• Record set
• • • • •
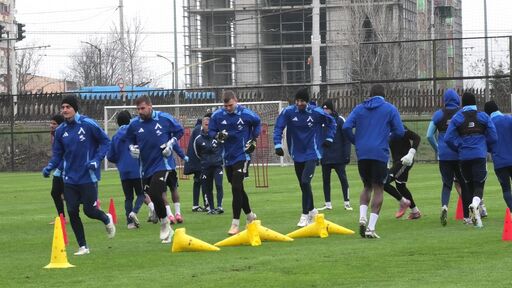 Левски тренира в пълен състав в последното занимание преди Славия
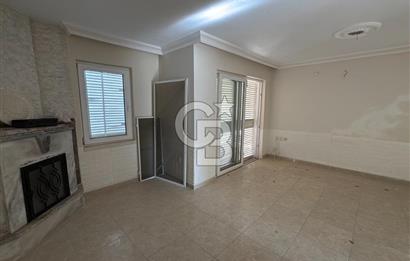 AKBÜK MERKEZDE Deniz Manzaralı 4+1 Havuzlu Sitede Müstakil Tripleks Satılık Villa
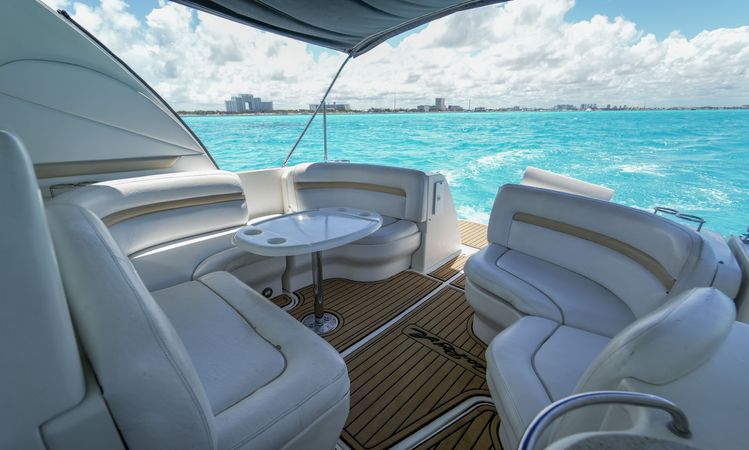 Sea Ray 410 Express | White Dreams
• • • • •
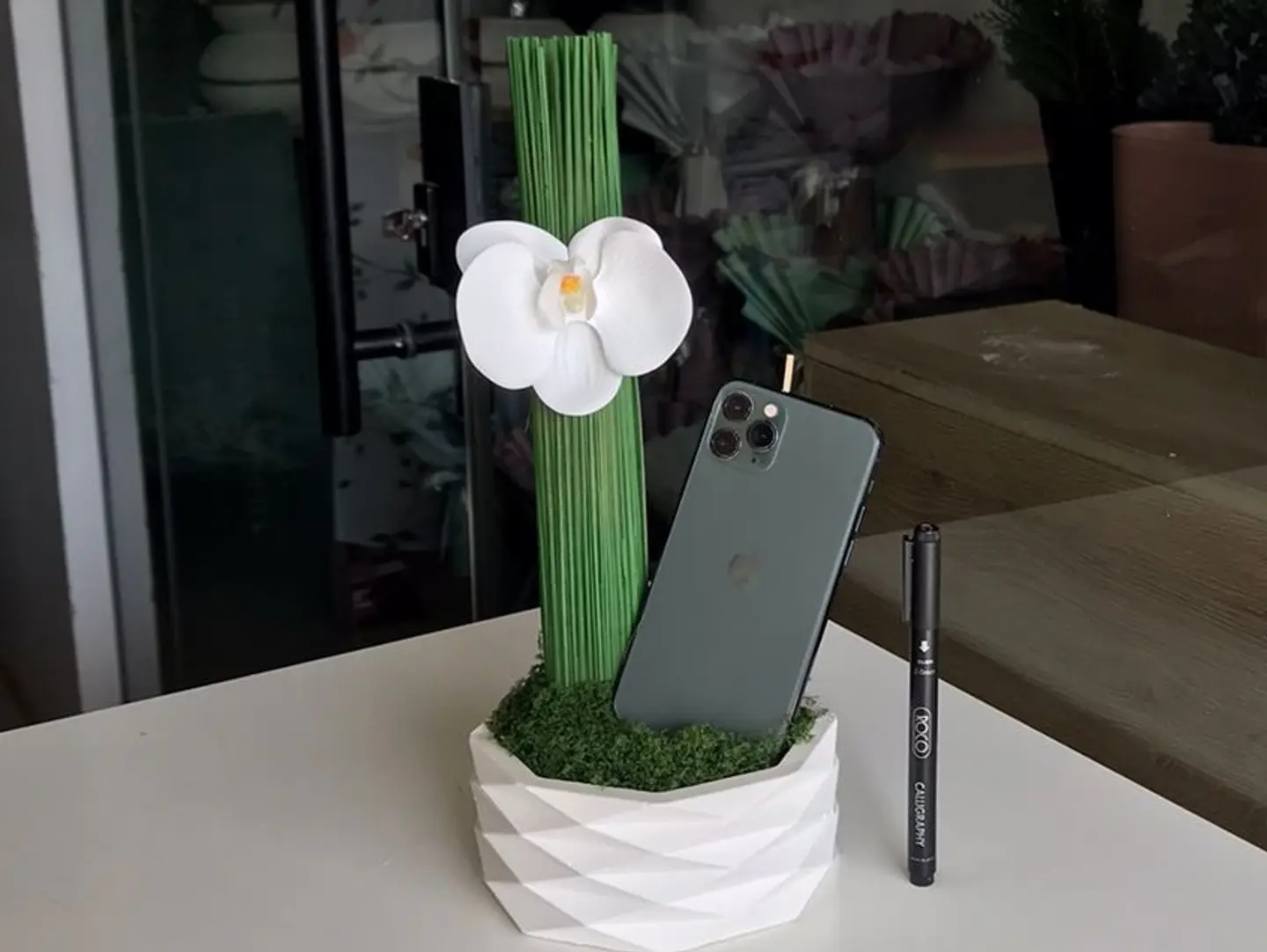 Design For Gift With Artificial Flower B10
• • • • •
Starting with the line above that holds "Левски тренира в", restate each line word for word up to and including the line that holds "Sea Ray 410 Express | White Dreams". Drop the pictures.

• Written solution
 Левски тренира в пълен състав в последното занимание преди Славия
 AKBÜK MERKEZDE Deniz Manzaralı 4+1 Havuzlu Sitede Müstakil Tripleks Satılık Villa
 Sea Ray 410 Express | White Dreams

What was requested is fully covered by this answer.